Wednesday, October 8, 2014

My Name

My name is like black, or a dark purple, although everyone tells me that my name sounds like a pretty color, maybe light blue, or pink. In my mind blue and purple are these true, deep colors, exactly like my life, beautiful but strong.
When I say my name I hear the way it moves from the back of my mouth to the front, like the word "crisp," similar to the crisp orange leaves on a cold fall morning when your body is all bundled inside your jacket, but everything outside you is literally burning cold. My name is like a boiling hot day of summer, sometimes filled with anger and confusion.
 Isabel is a fragmented flower, sometimes blooming with joy and sometimes crumbling to pieces right when I think I found the sunlight I need to grow and change into something a little more beautiful. And sometimes that flower does grow, it picks up it's pieces and for a while I'm unstoppable, untouchable, untroubled.

I think my name is a clock that keeps ticking and ticking, and if I make a mistake I have to pick myself up again, sometimes my life feels like a race with my own time. My name dances through the the short and long hand on the clock, and occasionally when they pass each other I get squished and I have to find my balance and time management again.
Isabel is one strong word that symbolizes Mom, Dad, Chris and Sketch huddled up on the couch watching movies about robots and fat people. My name is my family, annoying parents that I love, a 16 year old boy in a gold plated coffin, my little dog sister.
I say my name so much that it begins to have no meaning, it's the life I have within my name that holds my memories, emotions, pain, and love. 6 letters, I-S-A-B-E- and L. Isabel.

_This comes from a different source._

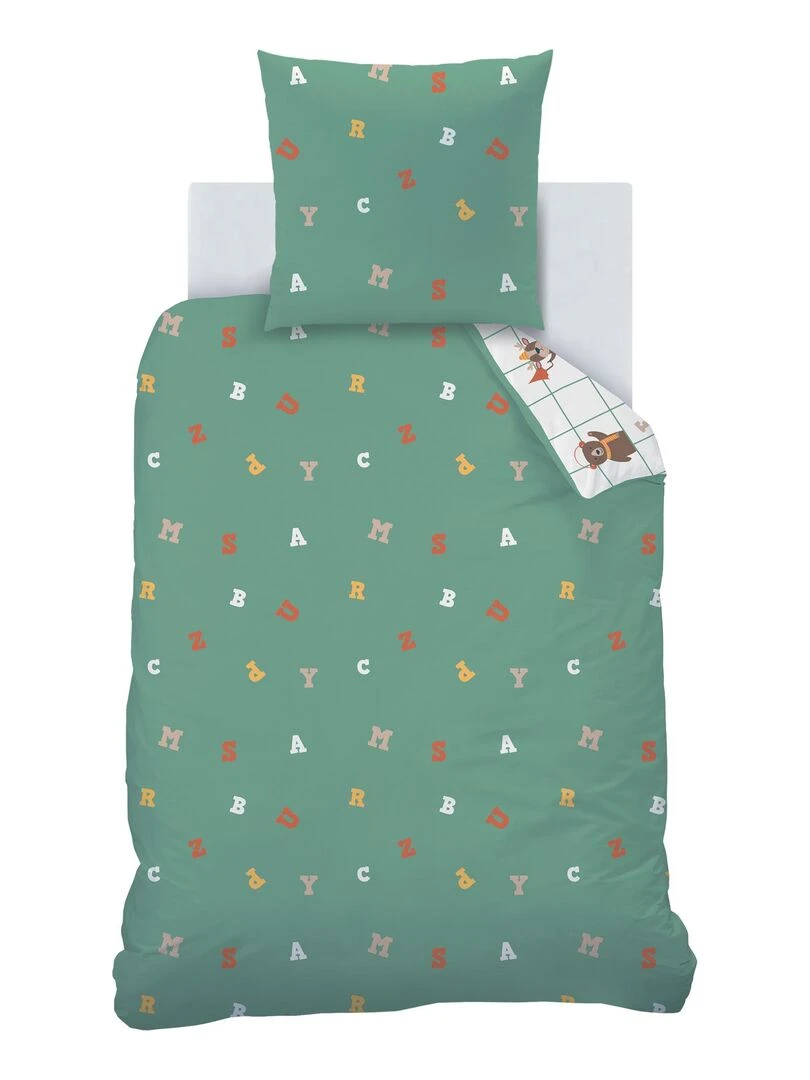 Parure de lit imprimée 100% coton  KARO ANIMO   Blanc Vert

Sunday, September 14, 2014

The Fault In Our Stars

A lot of people who read The Fault In Our Stars by John Green might think the book is overrated. Truth is, it's overrated because no one reads the book for the meaning, they read it for the words. Words are meaningless if you don't dig for the purpose underneath. The Fault In Our Stars introduces the topic that just because you have cancer doesn't mean that you can't still live a full, content life. The main character, Hazel Grace Lancaster meets a boy named Agustus Waters at a cancer support group. While Hazel struggles with lung cancer, Agustus is just recovering from osteosarcoma, which caused him to loose a leg. The two fall in love, which proves that you can have so many privileges added to your life, even when your time is limited.

I think the message John Green was trying to get out was the reality of cancer, and life in general. He wanted to show us that we need to appreciate what we have because not everyone can be as lucky as you (I find it amazing that he expresses this through characters with cancer). He showed us this by not only writing happy endings, but also writing about pain and sadness. An example of this is when Hazel is telling Agustus the truth of what will happen in the future, because Agustus wants to be remembered after his death. She tells him that; "There will come a time when all of us are dead. All of us. There will come a time when there are no human beings remaining to remember that anyone ever existed or that our species ever did anything. There will be no one left to remember Aristotle or Cleopatra, let alone you. Everything that we did and built and wrote and thought and discovered will be forgotten and all of this will have been for naught. Maybe that time is coming soon and maybe it is millions of years away, but even if we survive the collapse of our sun, we will not survive forever. There was time before organisms experienced consciousness, and there will be time after. And if the inevitability of human oblivion worries you, I encourage you to ignore it. God knows that’s what everyone else does." 

Another way he expresses reality through the book and the characters is all the metaphors and the quotes. Near the beginning of the book when Hazel goes to Agustus water's house for the first time, there are many posters on the wall that say things like, "Without pain, we could not know joy." And Agustus does this thing where he puts a cigarette between his teeth but doesn't actually light it. When Hazel asks him about it he says; "It's a metaphor, see: You put the killing thing right between your teeth, but you don't give it the power to do it's killing."

Lastly, Hazel and Agustus have this friend named Isaac from the support group. He's about to loose his sight and become blind because of his Eye Cancer, and his girlfriend, Monica breaks up with him because it's too much for her to handle. A lot of teenage readers and young readers of The Fault In Our Stars can relate to Isaacs problems, and although not everyone looses their sight because of cancer everyday a lot of people get into relationships and can relate to him that way. This is just another way to prove that just because you have cancer doesn't mean you don't have a normal life. So overall, John Green weaves the message of reality and hope and love through the book by using metaphors, relations, quotes, and the general reality of having cancer without all the fake happy endings and instead reflects the happiness through the reality of being grateful for what you have, even if you don't have a lot because the moments you do have are worth everything.